**ENTRIES SHOWN**
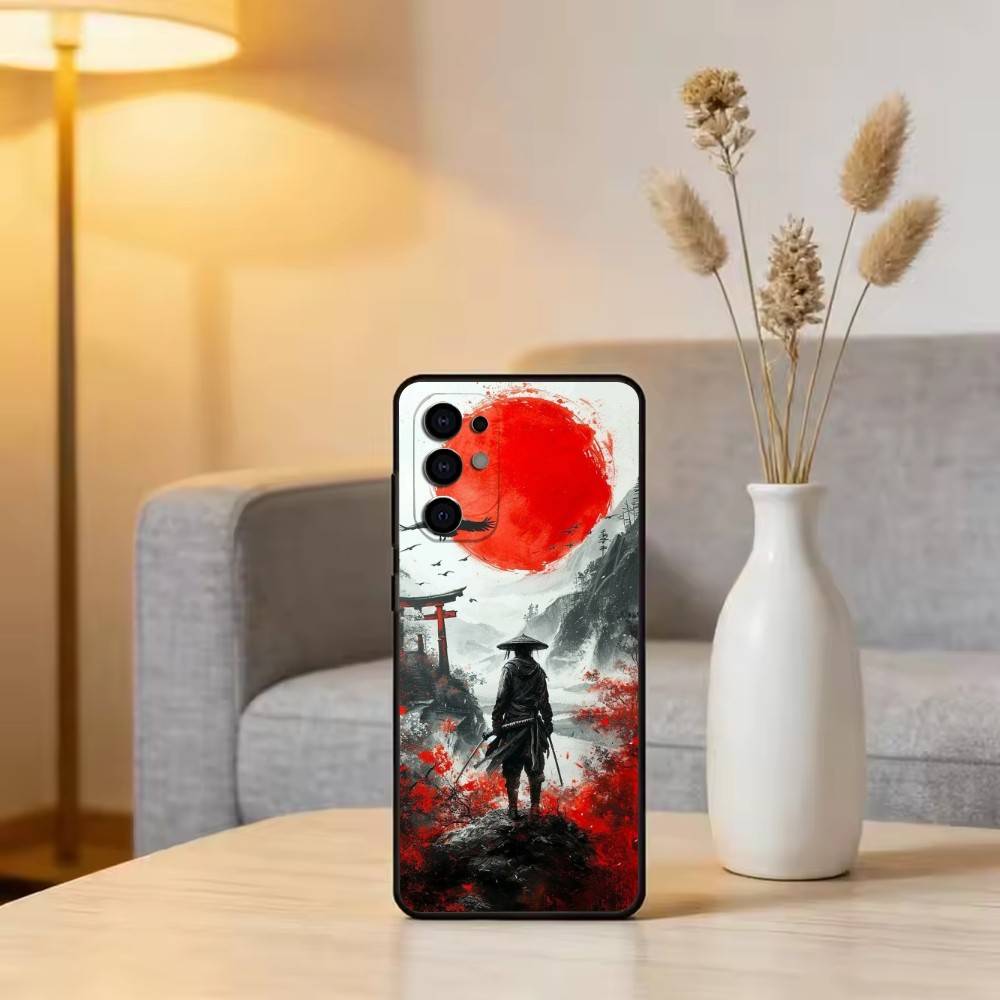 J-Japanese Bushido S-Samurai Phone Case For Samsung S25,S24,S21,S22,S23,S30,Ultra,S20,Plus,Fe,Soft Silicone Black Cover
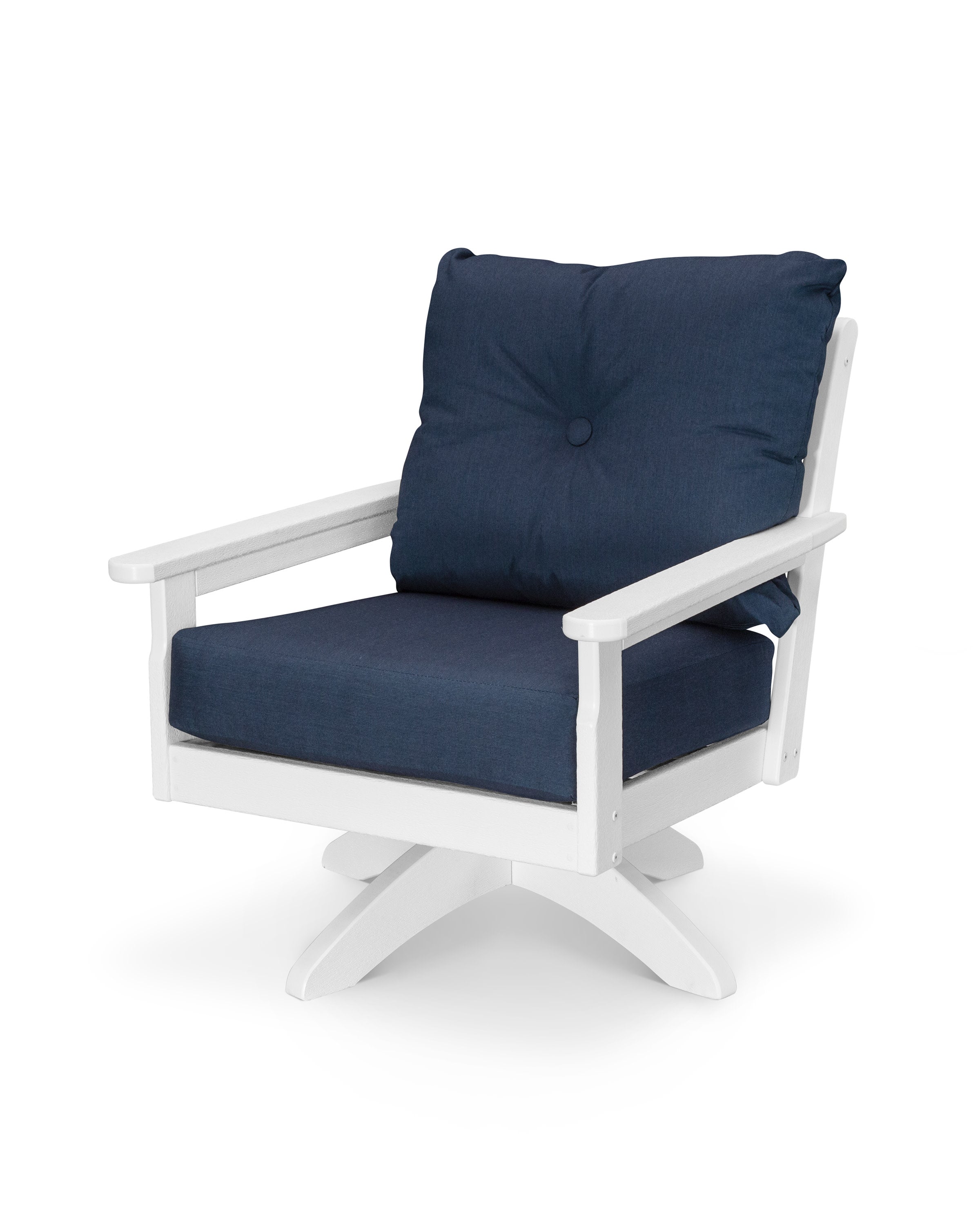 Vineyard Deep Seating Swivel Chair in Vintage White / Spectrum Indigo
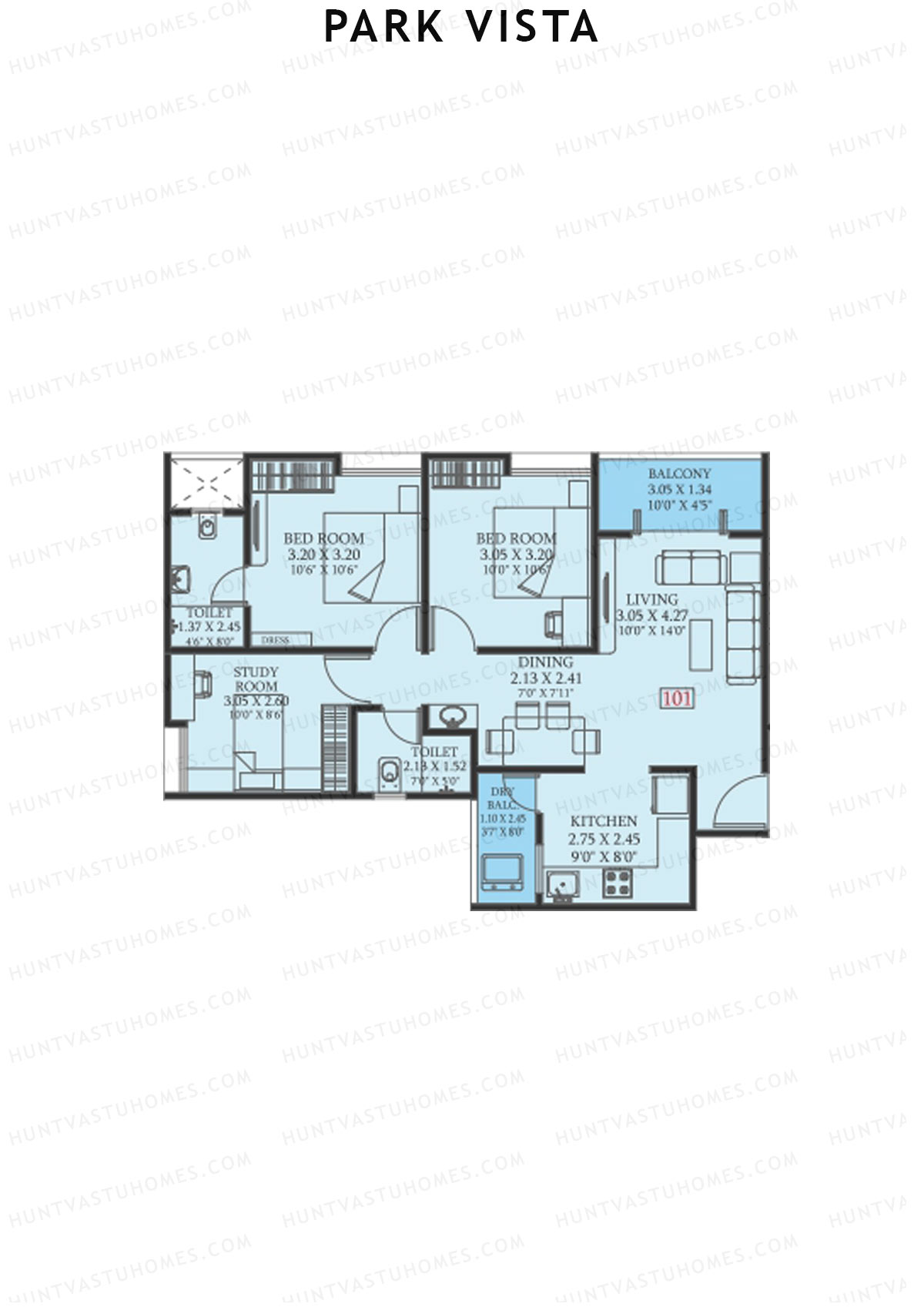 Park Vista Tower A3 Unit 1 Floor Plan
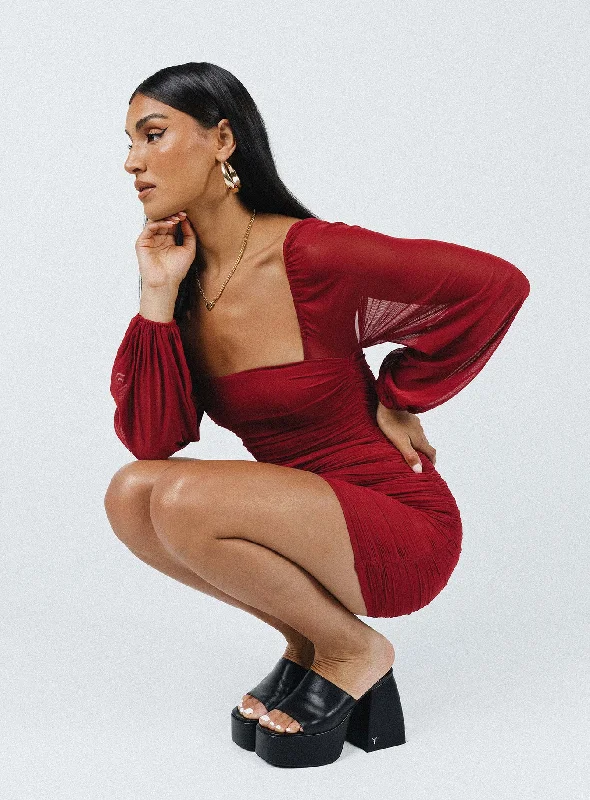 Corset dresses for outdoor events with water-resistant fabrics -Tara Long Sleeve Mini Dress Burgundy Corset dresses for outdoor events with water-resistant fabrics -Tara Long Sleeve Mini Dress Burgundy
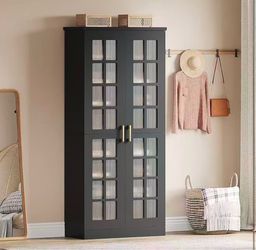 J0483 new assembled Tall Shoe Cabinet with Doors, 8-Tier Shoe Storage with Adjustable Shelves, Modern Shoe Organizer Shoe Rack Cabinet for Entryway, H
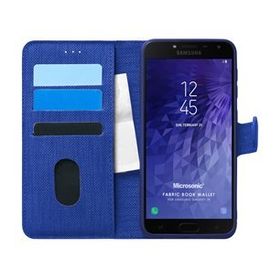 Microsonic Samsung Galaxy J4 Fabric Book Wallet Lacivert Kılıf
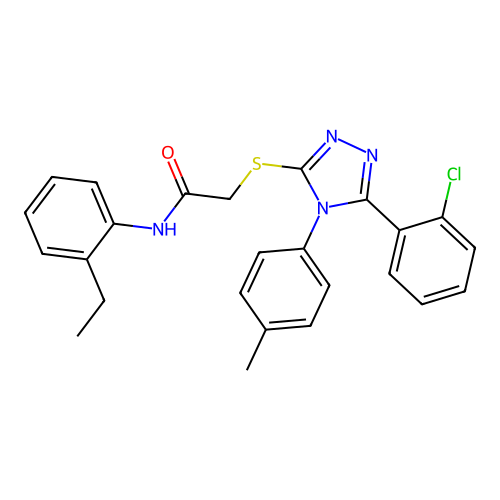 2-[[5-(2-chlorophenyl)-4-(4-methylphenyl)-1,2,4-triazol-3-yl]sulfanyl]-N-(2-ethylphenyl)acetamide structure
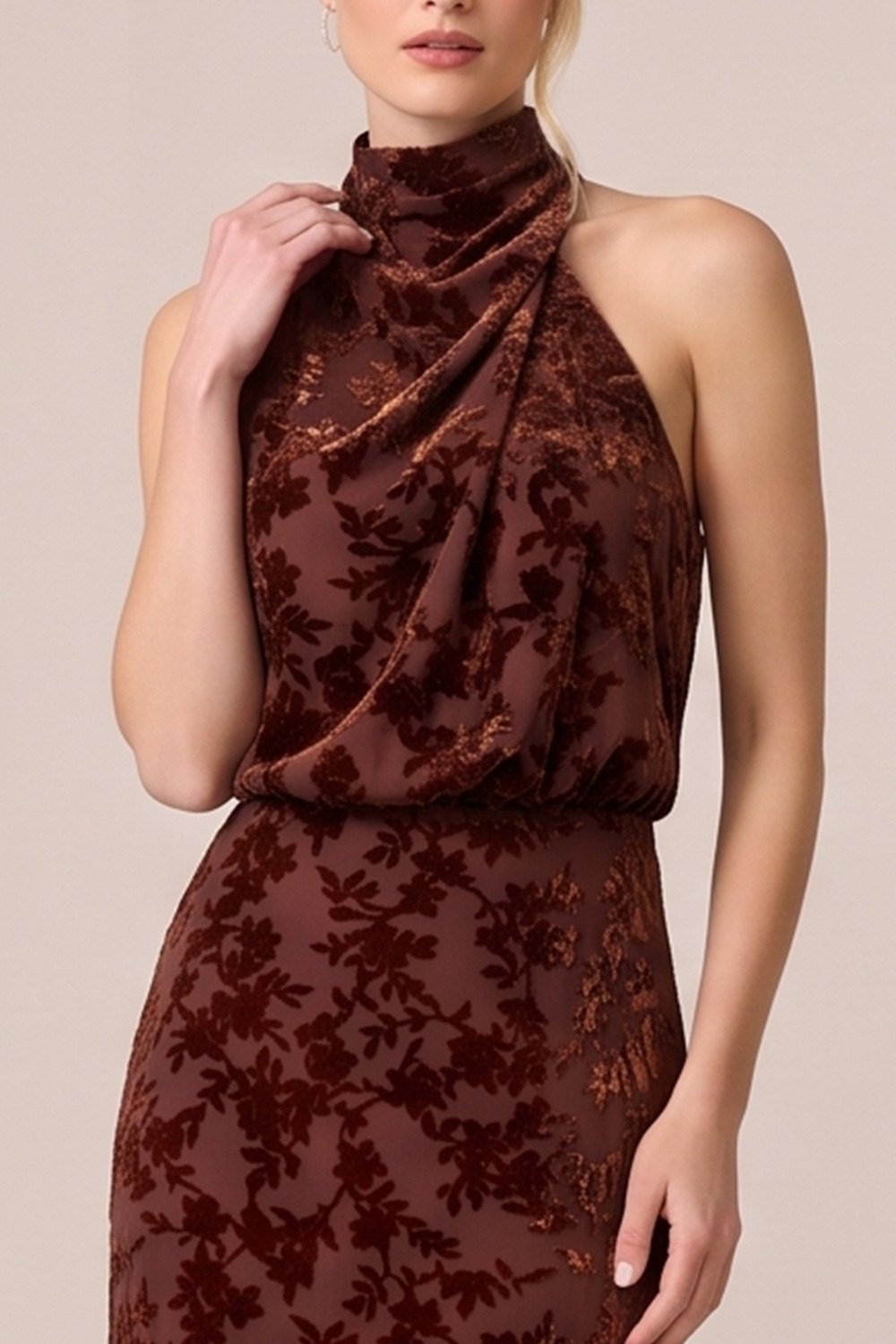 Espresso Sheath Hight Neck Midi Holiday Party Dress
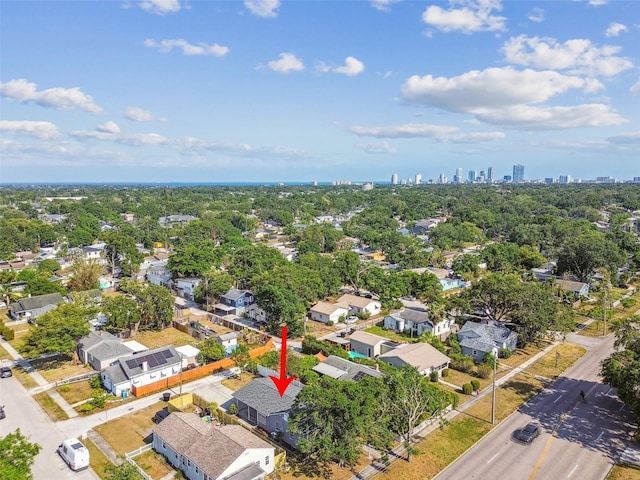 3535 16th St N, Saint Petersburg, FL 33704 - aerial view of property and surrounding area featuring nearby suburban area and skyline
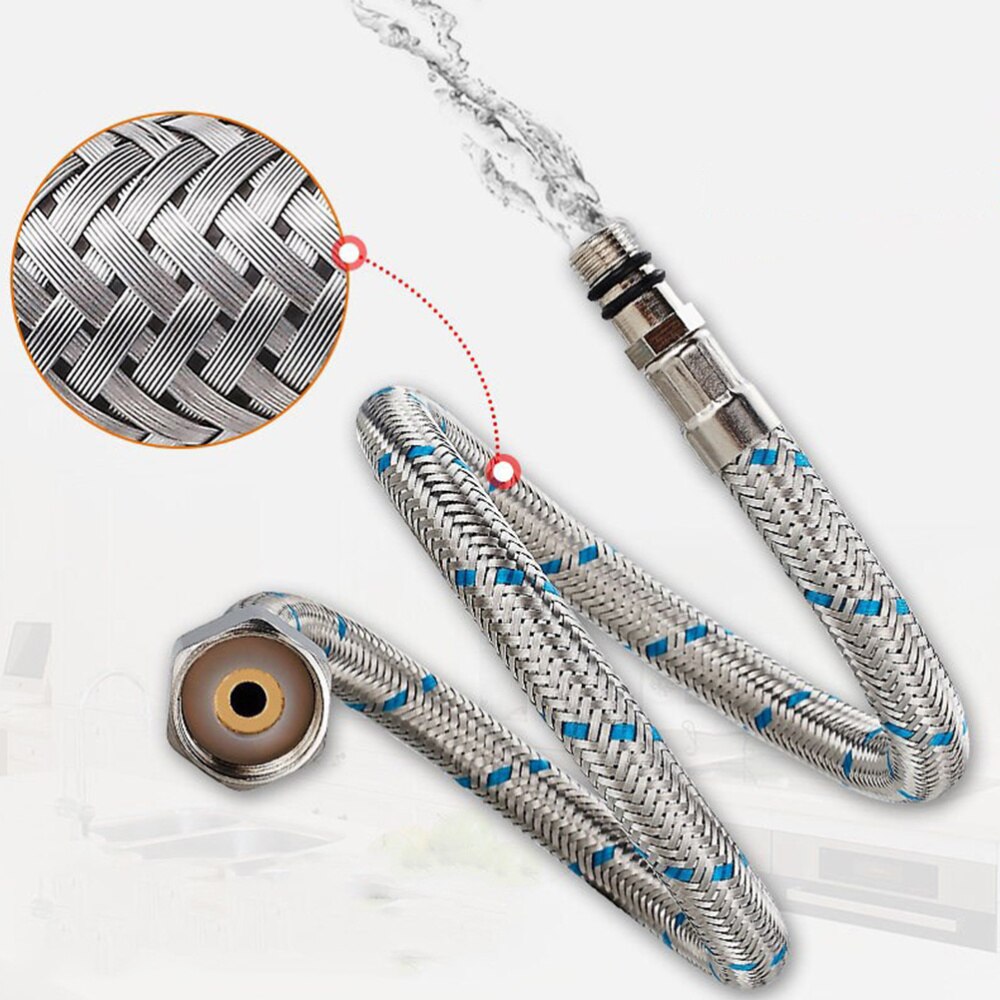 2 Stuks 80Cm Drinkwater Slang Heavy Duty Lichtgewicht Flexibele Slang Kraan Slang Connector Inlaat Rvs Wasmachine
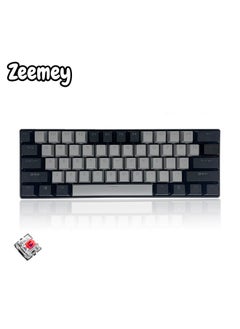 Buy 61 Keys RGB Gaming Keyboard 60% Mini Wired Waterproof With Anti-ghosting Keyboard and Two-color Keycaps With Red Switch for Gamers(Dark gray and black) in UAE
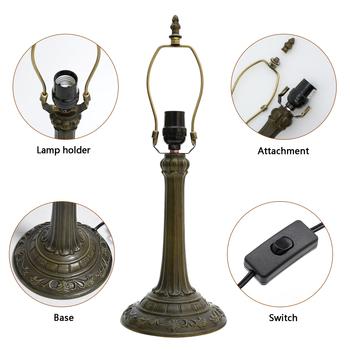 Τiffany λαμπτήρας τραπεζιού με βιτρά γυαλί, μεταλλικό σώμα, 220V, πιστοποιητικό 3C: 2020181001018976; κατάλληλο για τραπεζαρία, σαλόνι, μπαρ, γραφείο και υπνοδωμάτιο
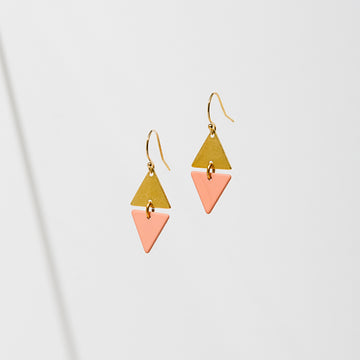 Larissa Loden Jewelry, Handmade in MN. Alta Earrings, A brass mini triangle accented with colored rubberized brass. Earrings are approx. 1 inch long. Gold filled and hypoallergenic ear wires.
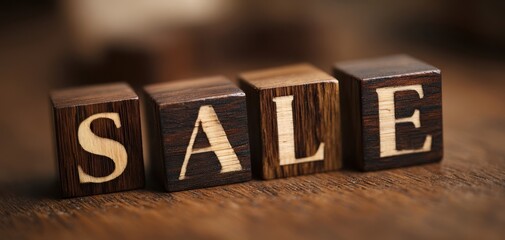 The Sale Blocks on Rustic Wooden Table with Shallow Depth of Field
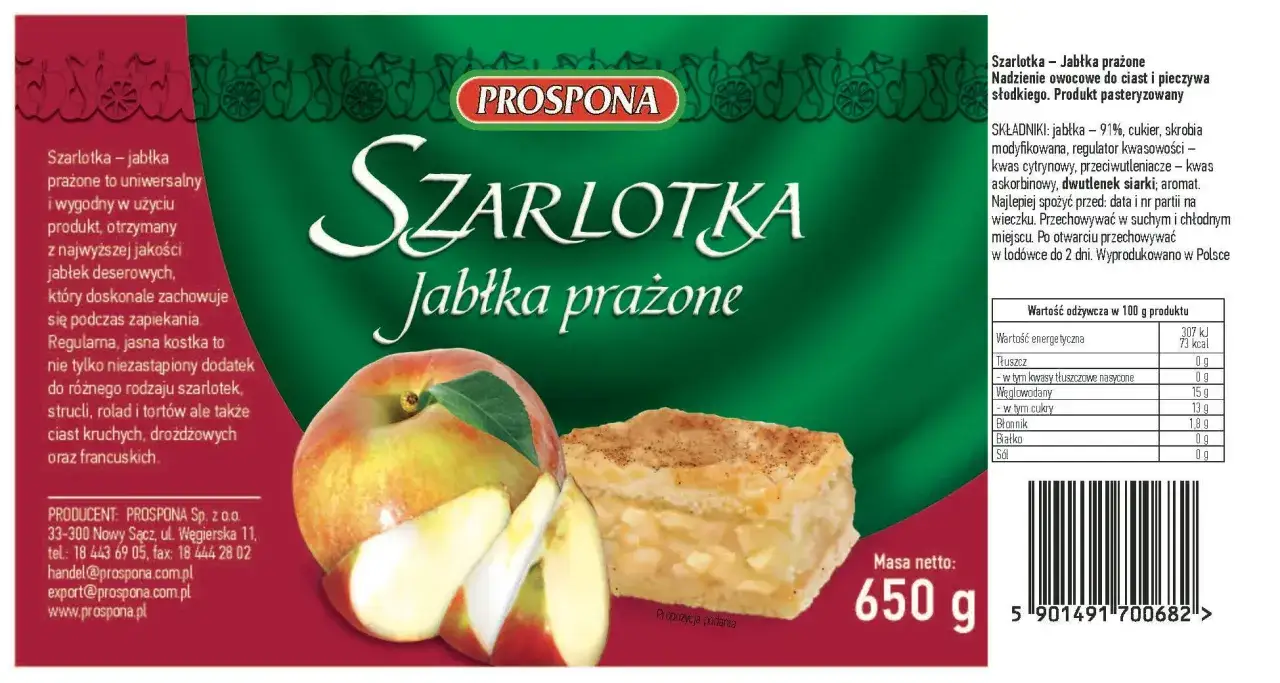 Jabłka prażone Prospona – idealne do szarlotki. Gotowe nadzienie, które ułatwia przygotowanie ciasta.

**YOUR OBJECTIVE**
Every line of the material must be repeated exactly; pictures stay out.

**ANSWER SPACE**
 J-Japanese Bushido S-Samurai Phone Case For Samsung S25,S24,S21,S22,S23,S30,Ultra,S20,Plus,Fe,Soft Silicone Black Cover
 Vineyard Deep Seating Swivel Chair in Vintage White / Spectrum Indigo
 Park Vista Tower A3 Unit 1 Floor Plan
 Corset dresses for outdoor events with water-resistant fabrics -Tara Long Sleeve Mini Dress Burgundy Corset dresses for outdoor events with water-resistant fabrics -Tara Long Sleeve Mini Dress Burgundy
 J0483 new assembled Tall Shoe Cabinet with Doors, 8-Tier Shoe Storage with Adjustable Shelves, Modern Shoe Organizer Shoe Rack Cabinet for Entryway, H
 Microsonic Samsung Galaxy J4 Fabric Book Wallet Lacivert Kılıf
 2-[[5-(2-chlorophenyl)-4-(4-methylphenyl)-1,2,4-triazol-3-yl]sulfanyl]-N-(2-ethylphenyl)acetamide structure
 Espresso Sheath Hight Neck Midi Holiday Party Dress
 3535 16th St N, Saint Petersburg, FL 33704 - aerial view of property and surrounding area featuring nearby suburban area and skyline
 2 Stuks 80Cm Drinkwater Slang Heavy Duty Lichtgewicht Flexibele Slang Kraan Slang Connector Inlaat Rvs Wasmachine
 Buy 61 Keys RGB Gaming Keyboard 60% Mini Wired Waterproof With Anti-ghosting Keyboard and Two-color Keycaps With Red Switch for Gamers(Dark gray and black) in UAE
 Τiffany λαμπτήρας τραπεζιού με βιτρά γυαλί, μεταλλικό σώμα, 220V, πιστοποιητικό 3C: 2020181001018976; κατάλληλο για τραπεζαρία, σαλόνι, μπαρ, γραφείο και υπνοδωμάτιο
 Larissa Loden Jewelry, Handmade in MN. Alta Earrings, A brass mini triangle accented with colored rubberized brass. Earrings are approx. 1 inch long. Gold filled and hypoallergenic ear wires.
 The Sale Blocks on Rustic Wooden Table with Shallow Depth of Field
 Jabłka prażone Prospona – idealne do szarlotki. Gotowe nadzienie, które ułatwia przygotowanie ciasta.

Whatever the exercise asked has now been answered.